The Strassler Center for Holocaust and Genocide Studies at Clark University is sponsoring an interdisciplinary conference, “Beyond the Armenian Genocide: The Question of Restitution and Reparation in Comparative Review,” opening at 7:30 p.m., Thursday, Oct. 27, with a public keynote address in Tilton Hall, Higgins University Center, 950 Main Street. Scholar and author John Torpey will present “A Comparative Perspective on Reparations for Historical Injustices.”
The conference will continue throughout the day on Friday, Oct. 28, with a series of panels for participants and invited guests. Leading scholars will examine questions of post-conflict justice in a comparative review of the Armenian Genocide, the Holocaust, and the Native American Genocide.
“Reparations can be symbolic, such as apologies or the creation of memorials and museums,” says Torpey. “They can also be economic, such as financial compensation to individuals or collectivities, or material redress, such as settlement of the land claims of indigenous peoples. These measures can reflect cultural or legal claims to reparations, or both.”
Torpey, professor of Sociology at the City University of New York (CUNY) Graduate Center, also is the author of “Making Whole What Has Been Smashed: On Reparations Politic” (Harvard University Press, 2006).

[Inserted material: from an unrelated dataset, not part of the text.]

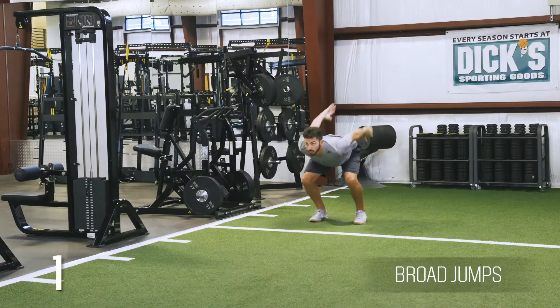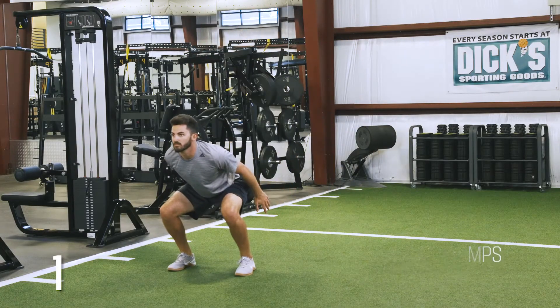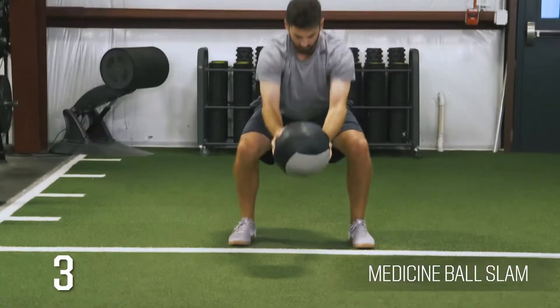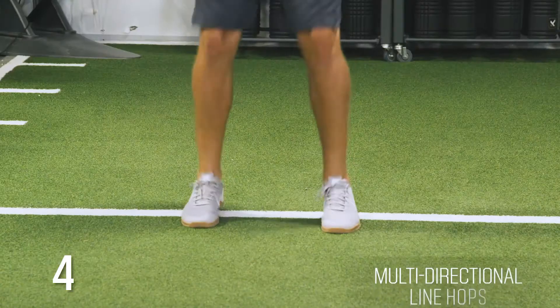Broad jumps, lateral bounds, medicine ball slam, multi-directional line hops.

Conference participants will consider different aspects of post-conflict compensation including the return of stolen art and artifacts; the restitution of personal and communal property; and how post-war agreements and treaties shape discussions about compensation. The Holocaust case offers a model for restitution and reparation that has achieved significant success but also frustrating disappointments and delays. The Native American case provides a valuable example of the importance of pursuing justice at home and for all peoples. Discussions about the Armenian case will consider why efforts to secure compensation emerged so late and the influence of developments in securing justice for victims of the Holocaust.

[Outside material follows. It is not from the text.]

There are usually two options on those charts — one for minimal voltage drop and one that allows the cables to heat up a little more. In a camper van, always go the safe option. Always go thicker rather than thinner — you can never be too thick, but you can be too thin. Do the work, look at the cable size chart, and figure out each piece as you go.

The conference is organized by Taner Akçam, the Robert Aram ’52 and Marianne Kaloosdian and Stephen and Marian Mugar Professor of Armenian Genocide Studies at Clark, and presented in partnership with the Belmont-based National Association for Armenian Studies and Research (NAASR) and Eric Weitz, the Arsham and Charlotte Ohanessian Professor at the University of Minnesota. NAASR’s participation is supported by the Ethel Jafarian Duffett Fund.
Turkish recognition of the Armenian Genocide has been an enduring goal of Armenian communities at home and internationally. Yet, the political, financial, and legal consequences that might emerge in the wake of recognition have not been fully articulated. Recently, scholars and lawyers have pursued concrete efforts to secure reparation, restitution and compensation; they are proceeding independent of groups lobbying governments to acknowledge the Genocide. These initiatives demonstrate that the pursuit of justice through financial means can progress without necessarily resolving the complicated politics of Genocide recognition.
Recent court cases against American and French insurance companies have resulted in reparations and they have given encouragement to newly filed lawsuits in the U.S. These developments demonstrate that financial redress for the Armenian community may be possible on a broader scale. New lawsuits addressing theft of artifacts, properties, and bank accounts have been filed against the Turkish government and private Turkish companies. They seek compensation for both individual and collective losses suffered during the Genocide.
Since its founding in 1887, Clark University in Worcester, Mass., has a history of challenging convention. As an innovative liberal arts college and research university, Clark’s world-class faculty leads a community of creative thinkers and passionate doers and offers a range of expertise. Clark is nationally recognized in the areas of psychology, geography, management, urban education, Holocaust and genocide studies, environmental studies, and international development and social change. Clark’s students, faculty and alumni embody the Clark motto: Challenge convention. Change our world.